In Bitch: On the Female of the Species, Cooke somehow peppers in all the scientific jargon while remaining wildly entertaining. I purchased this delightful novel on a whim. I wanted to support a local bookstore and I needed that aggressive cover on my bookshelf. While I don’t normally read introductions to books (I also dog-ear pages if I don’t have a bookmark handy) I again, on a whim, read this one and was immediately hooked. Now, please bare with me while I work through the delicate balance of doing Cooke justice by using her own words, while at the same time employing my meager summarization skills so I don’t get sued for breaking numerous copyright laws.
Here’s one of many quotes in the introduction that acted as a punch to my gut:
The most dangerous thing about sexist bias is its boomerang nature. What started as chauvinist Victorian culture was incubated by a century of science and then spat back into society as political weaponry, rubber-stamped by Darwin. It gave a handful of, notably male, devotees of the new science of evolutionary psychology the ideological authority to claim that a host of grim male behaviours–from rape to compulsive skirt chasing to male supremacy–were ‘only natural’ for humans, because Darwin said so. They told women they had dysfunctional orgasms, that they could never break through the glass ceiling thanks to an innate lack of ambition, and should stick to mothering.

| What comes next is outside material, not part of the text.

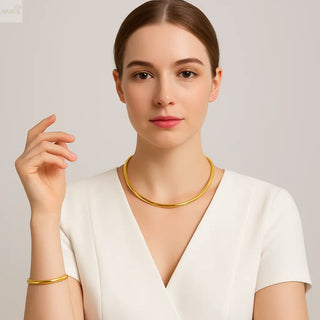 18K Solid Yellow Gold Tubular Woven Polished Necklace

Cooke skips over much of the current misinformation on females, which makes sense because most of us already know it. Just last month I had the displeasure of seeing my sons experience it first hand while watching a nature documentary on Disney Plus. Instead, Cooke jumps to righting all the wrongs by detailing out the ways the female species world-wide are absolute bad asses.
Correcting Misconceptions
I have no idea where you are personally on your journey with feminism and science. So please give me a little grace here when I list out the things that I probably should have known, but didn’t until I read this book. One of the reasons this book exists is because much of what I’m listing below is not widely known. I’ll give you one guess as to why it isn’t.
- estrogen, progesterone, and testosterone all originate as cholesterol and are present in everyone, regardless of sex
- many females have clitorises that are larger or are at the very least more prominent than the male’s penis (the spider monkey is an excellent example)
- the Y chromosome in humans will not exist in 4 and a half million years
- Darwin had a secondary theory about males evolving their physical appearance to please women and win mates, but that gave women too much power so his additional theory was mocked and that aspect of his work was dismissed at the time and then buried after he died. It somewhat re-emerged during the 1970s
- it’s not uncommon for a female lion to mate up to 100 times in a day, with multiple partners, during oestrus
- we humans have known about the truth on the female of the species, but the Victorian era really effed things up with its insistence on keeping females of all species in line with their thoughts on human females: submissive, weak, and chaste
There’s much, much more, but above is a sample of how science has overlooked, skewed, or outright rejected some clear scientific data when it didn’t conform to their preconceived notions of men and women. I also appreciate the first chapter which covers what differentiates between a man and woman. Spoiler, it’s incredibly complex and probably not what some hateful people want to hear, but it’s fascinating to read.
Cooke’s Writing Style
Even though the material is difficult, Cooke delivers in a clever, playful way that is sure to entertain readers. Here’s a quote from the middle of the book where she is talking about one of her favorite researchers, Jeanne Altmann.
Altmann could teach logic to Captain Spock. She had started her academic career as a mathematician at UCLA–one of only three women in her class–but was forced to quit when nobody in her faculty felt it worth their time to mentor a woman. Math’s loss was zoology’s gain. Altmann arrived at field biology unencumbered by primatology’s phallocratic baggage and uniquely qualified to tackle the pitfalls of observational bias, which so plague the science.
Blunt and with a knack for using just the right words, Cooke is likely the only author who could have gotten me to read an entire non-fiction novel about all things female animals, mammals, and insects. Also, I admit I had to look up phallocratic. Yes, I know phallic even though there is no widely known word to describe anything that physically resembles vulvas or vaginas (thank you, patriarchy). But I didn’t know there were other forms of the word like phallocratic.
Final Thoughts
This book is very difficult to read at times. The animal kingdom, much like us humans, is a cruel group and there is plenty of forced copulation (not what we would call rape, the reasoning for this is detailed out in the book), murder, starvation, infanticide, etc. However, I’ve never felt more validated about the overall strength of all the women of all species.
My recommendation for this book is that you buy it and then slowly work your way through it. It took me almost a year to read this one. Take it one chapter a week or so. But read it. Mark interesting tabs along the way and wow friends at dinner parties. Pass on the knowledge and pass on the recommendation that others read it as well. If we’re going to undo the scientific bias that has and continues to plague all of society, we all need to be educated about the truth of the female of the species.